L'évolution du leadership a également joué un rôle clé dans la conduite de cette expansion transformative. Lars Magnus Ericsson, le fondateur visionnaire, a commencé à se retirer progressivement de la gestion quotidienne autour du tournant du siècle, prenant sa retraite complète en 1901. Il a transféré le leadership à une nouvelle génération de dirigeants, dont Axel Boström et plus tard Hemming Johansson, qui étaient habiles à gérer une entreprise industrielle internationale en rapide croissance. Ces dirigeants ont continué à souligner l'engagement indéfectible du fondateur envers la qualité de l'ingénierie et l'innovation des produits tout en adoptant simultanément des stratégies plus sophistiquées pour l'efficacité de la fabrication, la finance mondiale et la logistique complexe. L'entreprise est passée d'un atelier dirigé techniquement, bien que très réussi, à une multinationale gérée de manière professionnelle, capable d'entreprendre des projets d'infrastructure à grande échelle et pluriannuels à travers des paysages culturels et économiques divers. Cette maturation organisationnelle a été cruciale pour soutenir la croissance et gérer la complexité d'une opération véritablement mondiale, passant du génie individuel à l'excellence institutionnalisée.
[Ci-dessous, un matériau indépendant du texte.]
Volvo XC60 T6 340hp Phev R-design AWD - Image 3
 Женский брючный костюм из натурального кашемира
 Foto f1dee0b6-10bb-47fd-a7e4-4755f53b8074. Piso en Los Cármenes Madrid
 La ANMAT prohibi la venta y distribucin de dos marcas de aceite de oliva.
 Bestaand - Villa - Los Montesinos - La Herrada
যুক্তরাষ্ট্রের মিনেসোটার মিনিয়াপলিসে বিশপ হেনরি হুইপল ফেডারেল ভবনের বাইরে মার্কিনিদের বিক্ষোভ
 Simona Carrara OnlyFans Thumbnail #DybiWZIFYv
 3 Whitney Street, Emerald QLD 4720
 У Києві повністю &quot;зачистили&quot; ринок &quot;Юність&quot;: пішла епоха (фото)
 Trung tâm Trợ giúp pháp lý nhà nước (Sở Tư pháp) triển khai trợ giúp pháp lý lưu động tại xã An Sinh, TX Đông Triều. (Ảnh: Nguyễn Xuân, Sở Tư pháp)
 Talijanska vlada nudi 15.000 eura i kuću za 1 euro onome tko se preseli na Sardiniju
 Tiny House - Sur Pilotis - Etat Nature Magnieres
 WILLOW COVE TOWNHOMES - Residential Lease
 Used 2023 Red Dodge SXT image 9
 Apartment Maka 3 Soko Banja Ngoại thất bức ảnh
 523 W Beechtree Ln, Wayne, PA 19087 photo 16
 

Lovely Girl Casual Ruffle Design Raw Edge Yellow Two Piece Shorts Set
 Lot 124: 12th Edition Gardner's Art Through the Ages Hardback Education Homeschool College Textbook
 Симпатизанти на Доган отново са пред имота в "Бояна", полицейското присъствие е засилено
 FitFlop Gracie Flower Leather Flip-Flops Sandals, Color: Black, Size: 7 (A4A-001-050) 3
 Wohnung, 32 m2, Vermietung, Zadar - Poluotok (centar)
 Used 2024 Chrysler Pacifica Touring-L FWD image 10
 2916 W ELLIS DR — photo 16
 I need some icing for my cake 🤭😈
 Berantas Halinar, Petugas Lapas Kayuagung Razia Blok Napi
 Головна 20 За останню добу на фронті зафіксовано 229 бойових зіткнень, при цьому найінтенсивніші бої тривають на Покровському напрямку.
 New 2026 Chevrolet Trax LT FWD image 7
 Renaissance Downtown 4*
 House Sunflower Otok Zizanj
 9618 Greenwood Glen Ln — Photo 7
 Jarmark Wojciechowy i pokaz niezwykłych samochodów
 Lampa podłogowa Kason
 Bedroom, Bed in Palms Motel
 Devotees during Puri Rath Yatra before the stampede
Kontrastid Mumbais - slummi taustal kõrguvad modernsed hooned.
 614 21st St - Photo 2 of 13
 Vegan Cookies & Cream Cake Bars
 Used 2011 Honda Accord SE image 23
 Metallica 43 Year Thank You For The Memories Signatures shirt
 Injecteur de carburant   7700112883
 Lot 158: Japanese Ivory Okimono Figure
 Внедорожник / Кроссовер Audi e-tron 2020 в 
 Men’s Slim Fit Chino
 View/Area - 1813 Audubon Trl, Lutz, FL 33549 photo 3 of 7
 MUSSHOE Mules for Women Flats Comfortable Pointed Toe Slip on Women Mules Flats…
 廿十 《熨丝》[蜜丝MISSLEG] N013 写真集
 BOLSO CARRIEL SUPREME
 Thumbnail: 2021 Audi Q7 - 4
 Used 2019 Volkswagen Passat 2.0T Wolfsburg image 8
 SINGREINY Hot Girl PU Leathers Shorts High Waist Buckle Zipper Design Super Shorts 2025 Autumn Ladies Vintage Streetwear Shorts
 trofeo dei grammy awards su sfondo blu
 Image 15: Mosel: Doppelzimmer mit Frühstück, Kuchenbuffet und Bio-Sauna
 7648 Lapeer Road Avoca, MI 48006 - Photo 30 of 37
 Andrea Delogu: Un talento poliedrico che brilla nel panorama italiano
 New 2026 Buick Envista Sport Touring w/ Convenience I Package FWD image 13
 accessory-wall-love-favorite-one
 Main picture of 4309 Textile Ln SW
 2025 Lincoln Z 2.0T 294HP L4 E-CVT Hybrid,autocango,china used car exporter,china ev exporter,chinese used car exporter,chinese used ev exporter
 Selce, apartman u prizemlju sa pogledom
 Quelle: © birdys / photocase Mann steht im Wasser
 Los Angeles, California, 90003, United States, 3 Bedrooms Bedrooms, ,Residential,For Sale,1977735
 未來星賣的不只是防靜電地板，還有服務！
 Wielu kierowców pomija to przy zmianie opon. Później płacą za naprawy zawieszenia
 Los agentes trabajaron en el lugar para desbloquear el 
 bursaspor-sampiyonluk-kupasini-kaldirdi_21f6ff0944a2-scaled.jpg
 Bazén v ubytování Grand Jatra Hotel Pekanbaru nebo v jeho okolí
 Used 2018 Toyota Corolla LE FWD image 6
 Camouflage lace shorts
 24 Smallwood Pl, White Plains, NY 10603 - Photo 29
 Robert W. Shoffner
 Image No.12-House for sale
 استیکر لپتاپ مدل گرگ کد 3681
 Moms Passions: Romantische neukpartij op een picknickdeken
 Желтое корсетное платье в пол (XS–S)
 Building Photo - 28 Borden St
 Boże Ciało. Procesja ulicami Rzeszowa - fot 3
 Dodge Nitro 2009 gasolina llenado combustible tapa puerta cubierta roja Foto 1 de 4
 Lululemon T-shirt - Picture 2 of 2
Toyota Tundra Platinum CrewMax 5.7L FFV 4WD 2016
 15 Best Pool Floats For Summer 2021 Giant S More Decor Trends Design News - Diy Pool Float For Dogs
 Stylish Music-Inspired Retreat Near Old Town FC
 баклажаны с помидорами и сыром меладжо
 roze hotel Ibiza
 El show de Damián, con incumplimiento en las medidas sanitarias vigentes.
Au début des décennies du 20ème siècle, Ericsson s'était fermement établi comme un acteur majeur sur le marché mondial des télécommunications fixes. Sa marque était synonyme de qualité, de fiabilité et d'innovation à travers les continents. Le vaste réseau de filiales internationales, d'installations de fabrication et de bureaux de vente, couplé à un investissement continu dans la recherche et le développement, a assuré qu'Ericsson ne se contentait pas de réagir aux tendances de l'industrie, mais les façonnait activement grâce à ses contributions technologiques et à ses entrées stratégiques sur le marché. Cette approche globale des infrastructures de télécommunications, allant des équipements d'abonnés sophistiqués aux systèmes de centraux avancés et aux technologies de transmission longue distance, a fourni une plateforme robuste pour une croissance soutenue et a positionné l'entreprise de manière puissante pour la prochaine vague d'évolution technologique, y compris les avancées dans la téléphonie longue distance et l'essor éventuel des communications sans fil au milieu du siècle. La main-d'œuvre d'Ericsson était passée de quelques centaines d'employés dans les années 1890 à plus de 5 000 au début des années 1920, reflétant son expansion mondiale monumentale et son succès industriel.